20 с лишним лет назад и у нас было свое, с нашей стороны, понимание конца истории как всеобщего братства в отсутствии идеологических противоречий. «Сейчас, – думали мы, – братья меч нам отдадут, и мы этим мечом прорубим окно, чтобы дивиться заозерному благолепию и вкушать его в самом что ни на есть буквальном смысле».

И на той стороне царила эйфория, поверьте, поскольку там были уверены, что заблудшие русские, наконец, станут третьестепенной ветвью единственно возможной проекции бытия, которую именно они (та сторона) соорудили на обломках Римской империи. Они очень тогда любили русских как доказательство того, что их выбор цивилизационной модели был безошибочным, поскольку пала единственная цитадель иноположного. Фукуяма как раз это и объяснял.

Прошло четверть века и вернулись к вековой вражде уже без всяких коммунистов и вопросов, которые, казалось, разделяли нас в 20 веке. Все эти маркеры – демократия, рынок – как выяснилось, мало что значат, поскольку в некоторыом смысле свободы у нас уже сейчас гораздо больше, рынка, увы, тоже.

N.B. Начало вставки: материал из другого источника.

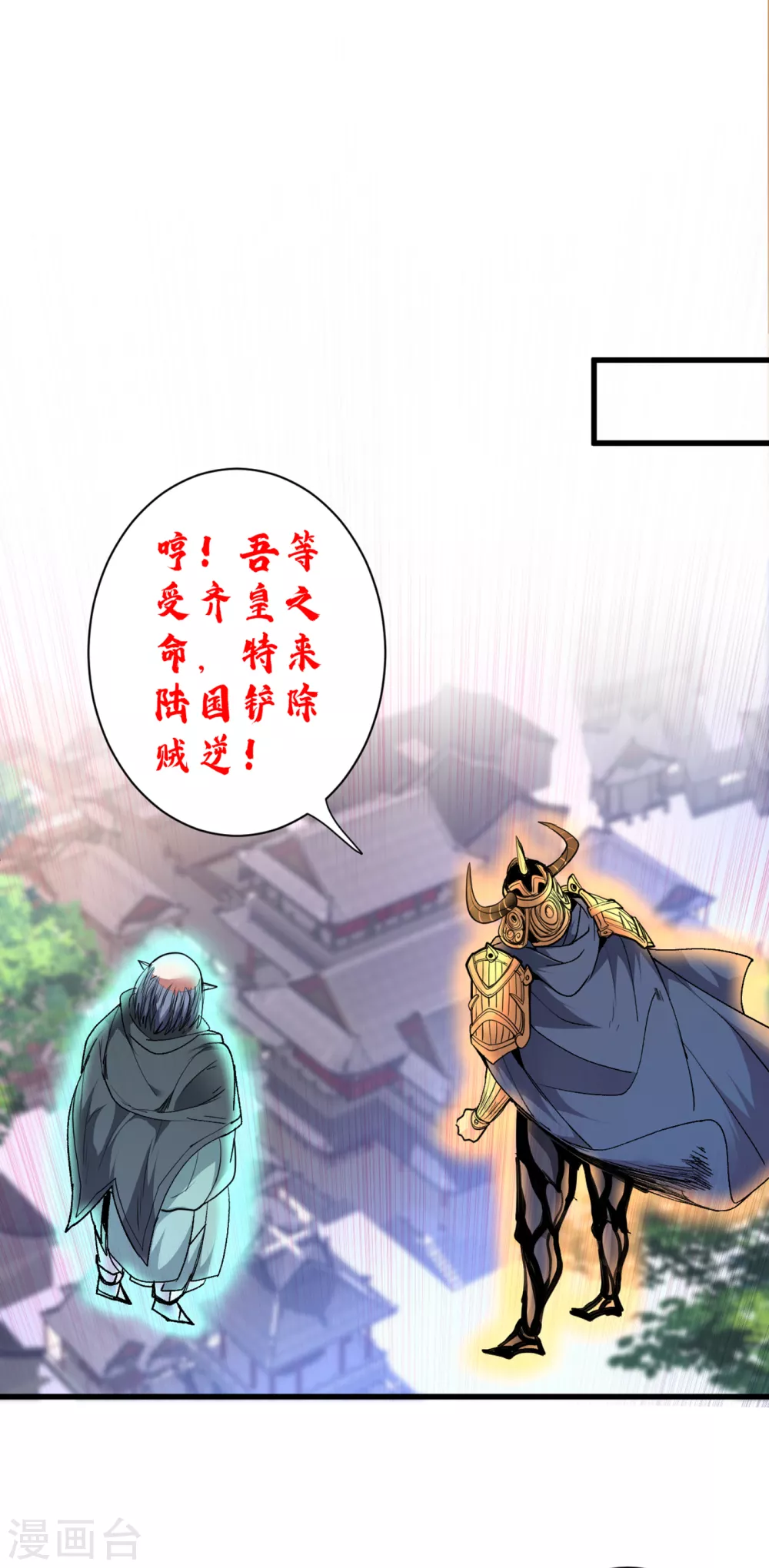 第33话 武王是我们的人了~ 第1页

При том взрывном распространении террора, который имеет у них место быть, и параллельно средств контроля, слежения и профилактики, они теряют свои гражданские свободы с примерно той же скоростью, с которой мы их обретаем и кое-как ставим на ноги. Скоро мы поменяемся местами и паттерн «свободное общество» будет через тире послушно и бесспорно крепиться к слову «Россия». Вот это и будет конец истории.